• Work instructions:
Please reproduce the listing in its entirety, exactly as written, but without images.

• Dataset section:

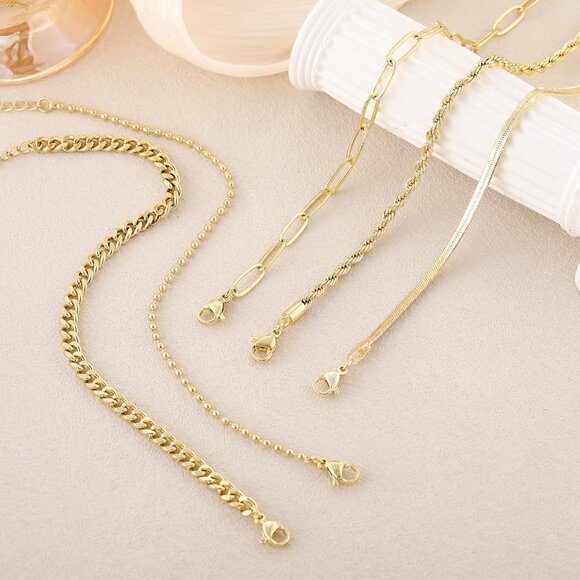 Gold Bracelets for Women Waterproof, 14K Real Gold Jewelry Sets for Women Trendy - Picture 4 of 7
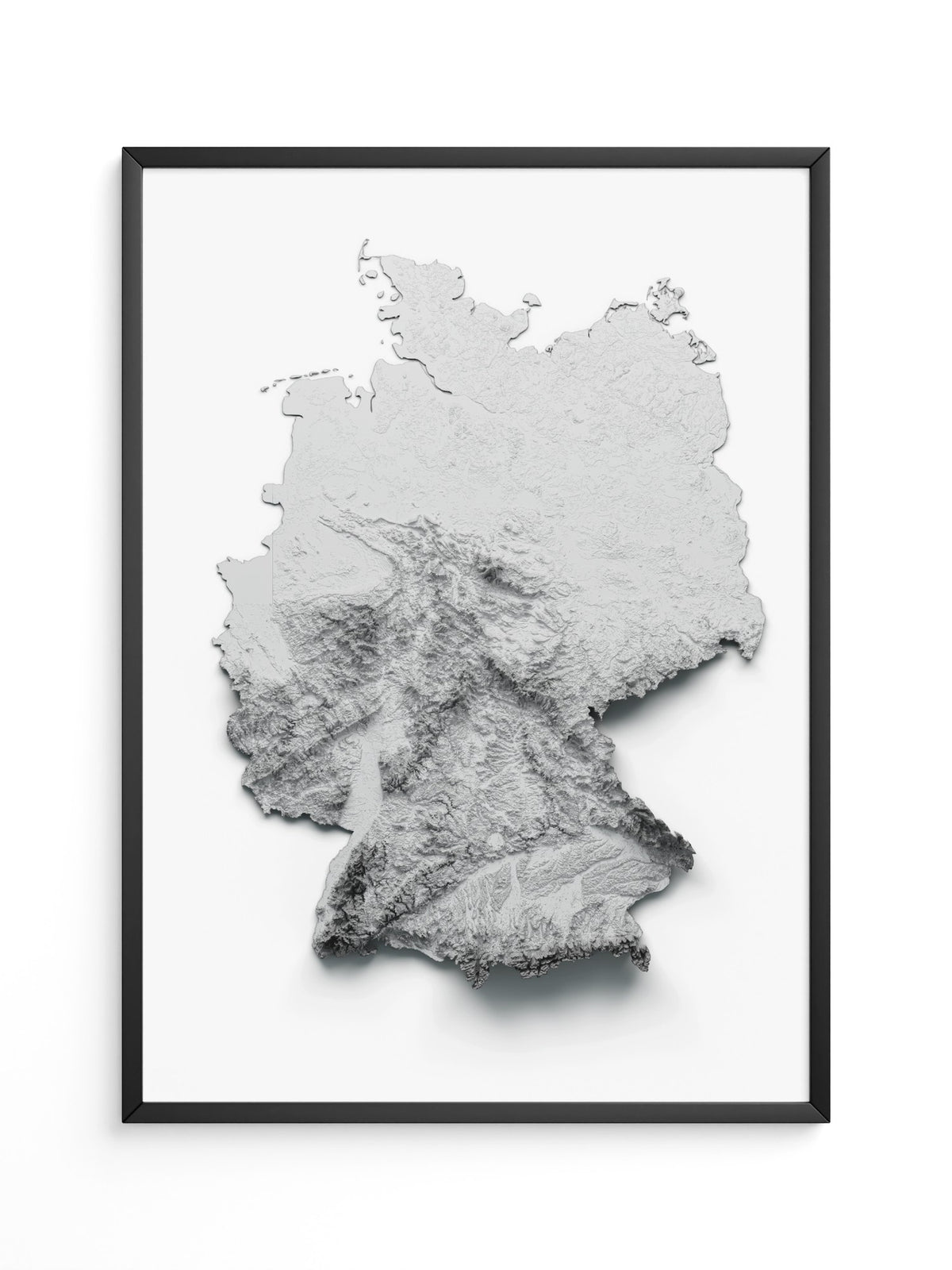 Deutschland Reliefkarte Grautöne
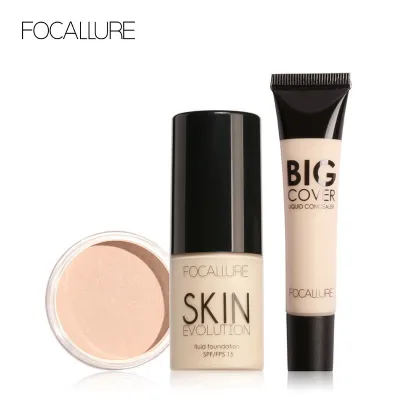 FOCALLURE Foundation Concealer Makeup Set (3 Pcs)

• Exercise solution:
 Gold Bracelets for Women Waterproof, 14K Real Gold Jewelry Sets for Women Trendy - Picture 4 of 7
 Deutschland Reliefkarte Grautöne
 FOCALLURE Foundation Concealer Makeup Set (3 Pcs)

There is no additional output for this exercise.